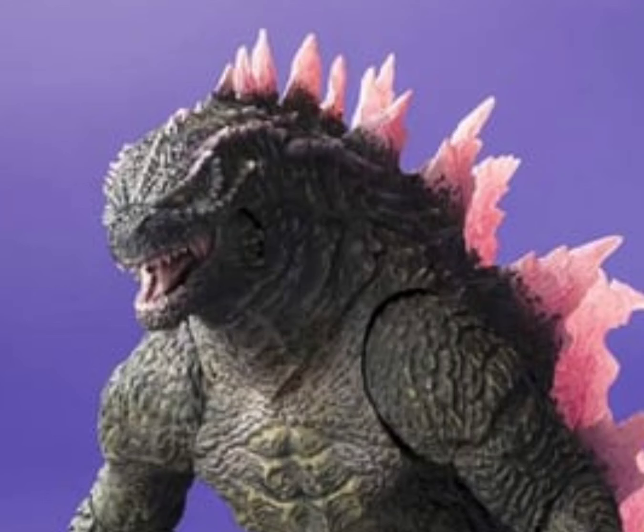But S.H. is starting to pick back up with this one. If they keep making original good molds for each figure like this, I'll start buying S.H. again.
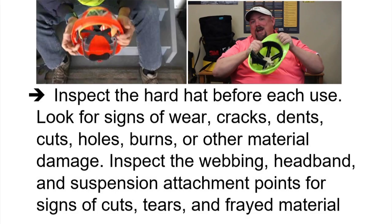Inspect the hard hat before each use. Look for signs of wear, cracks, dents, cuts, holes, burns, or other material damage. Inspect the webbing, headband, and suspension attachment points for signs of cuts, tears, and frayed material.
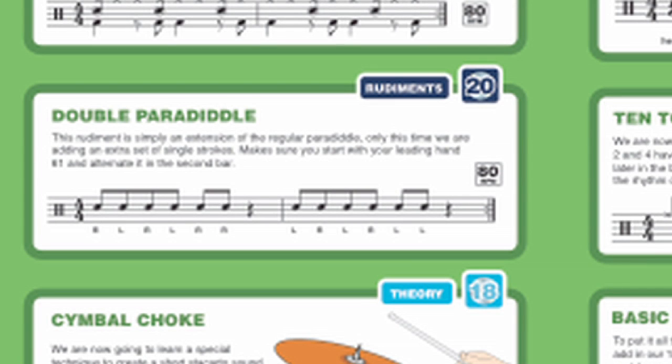We're now going to look at a new rudiment — it's called the double paradiddle. The double refers to the fact that we have two sets of single strokes, followed by one double stroke. Look out for the quarter note rest on beat 4. The second bar is the same idea but starting with your following hand.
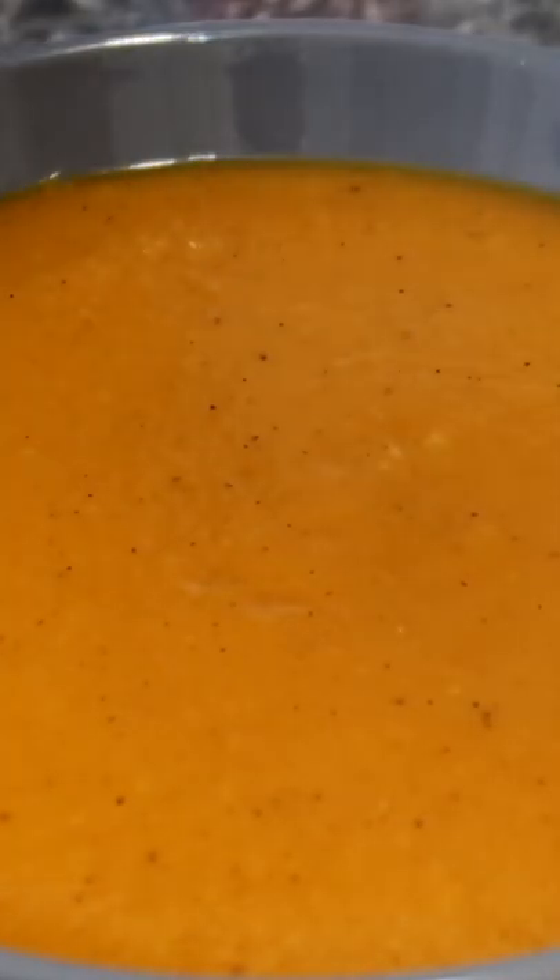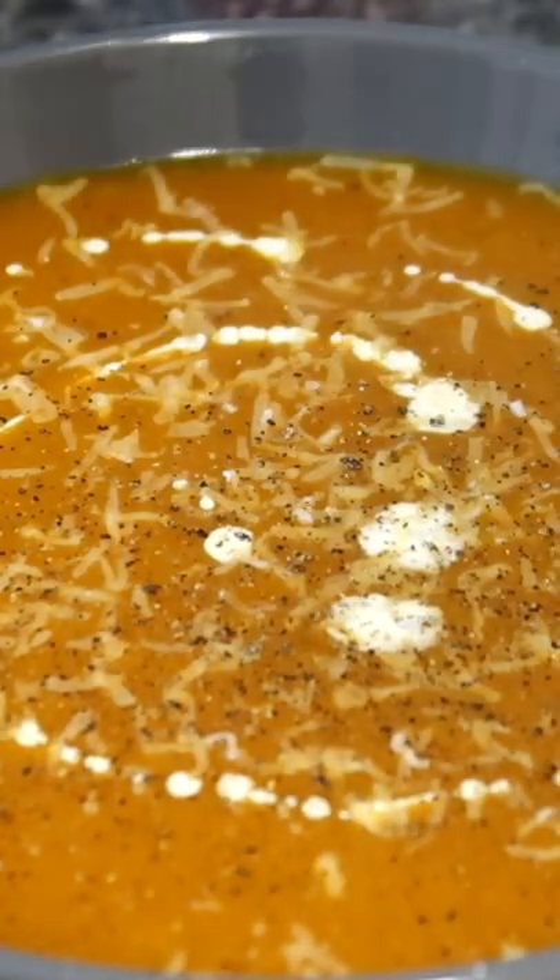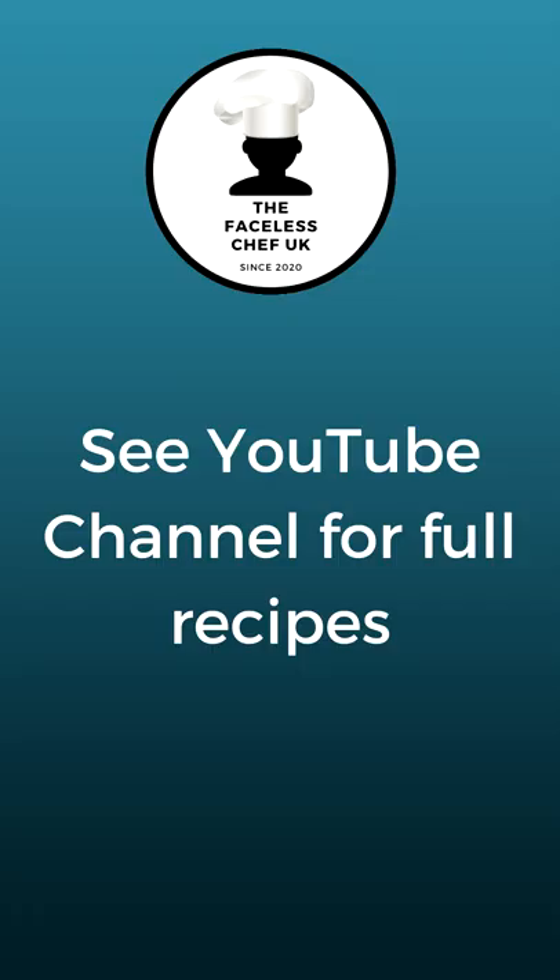Strain through a sieve, serve, add cream, add parmesan and pepper. For the full instructional recipe and other delicious ideas, please tune in to the YouTube channel.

# [Work to complete]
Every line of the data is to be transcribed exactly, and no picture is to be included.

# [Response area]
But S.H. is starting to pick back up with this one. If they keep making original good molds for each figure like this, I'll start buying S.H. again.
Inspect the hard hat before each use. Look for signs of wear, cracks, dents, cuts, holes, burns, or other material damage. Inspect the webbing, headband, and suspension attachment points for signs of cuts, tears, and frayed material.
We're now going to look at a new rudiment — it's called the double paradiddle. The double refers to the fact that we have two sets of single strokes, followed by one double stroke. Look out for the quarter note rest on beat 4. The second bar is the same idea but starting with your following hand.
Strain through a sieve, serve, add cream, add parmesan and pepper. For the full instructional recipe and other delicious ideas, please tune in to the YouTube channel.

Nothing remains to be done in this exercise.